Every baker has a loaf that is theirs. Not because they invented it (the country sourdough belongs to no one), but because of the number of times you've made it, adjusted it, failed at it, and eventually found your version.
This is mine. I've baked it more times than I can count. The recipe below reflects where I am now, but I expect it to keep shifting, the way all living things do.
The Formula
| Ingredient | Weight | Baker's % |
|---|---|---|
| Bread flour | 400g | 80% |
| Whole wheat flour | 100g | 20% |
| Water | 375g | 75% |
| Starter (active) | 100g | 20% |
| Fine sea salt | 10g | 2% |
The 20% whole wheat pulls in a bit of nuttiness and depth without making the crumb tight. If you want a lighter loaf, drop it to 10% and increase the bread flour to match.

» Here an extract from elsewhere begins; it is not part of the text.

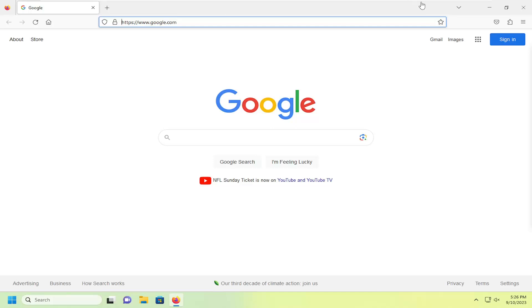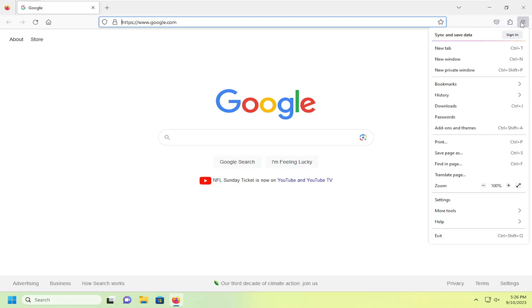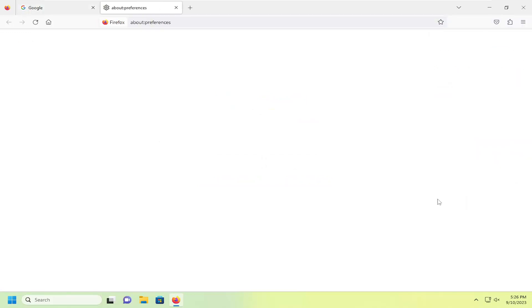We're going to start off by opening up Firefox and then select the menu icon at the top right. Go ahead and left click on that and select settings.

The Day Before: Feed Your Starter
12 hours before you mix, feed your starter at a 1:5:5 ratio (starter to flour to water). You want it to peak just as you're ready to mix, domed and bubbly and smelling pleasantly sour. The float test is useful but not definitive. I trust the dome more than the float.
Mixing
Combine flour, starter, and 350g of the water (hold back 25g for the salt). Mix until no dry flour remains. It doesn't need to be smooth yet. Cover and rest for 30 minutes. This is the autolyse.
After 30 minutes, dissolve the salt in the remaining 25g of water and add it to the dough. Squeeze and fold it through until the salt water is fully incorporated.
Bulk Fermentation
This phase varies more than any other, and it's the one where you really have to pay attention. I ferment at around 76°F (24°C) for 5 hours. At lower temperatures, give it more time. At higher temperatures, watch it closely.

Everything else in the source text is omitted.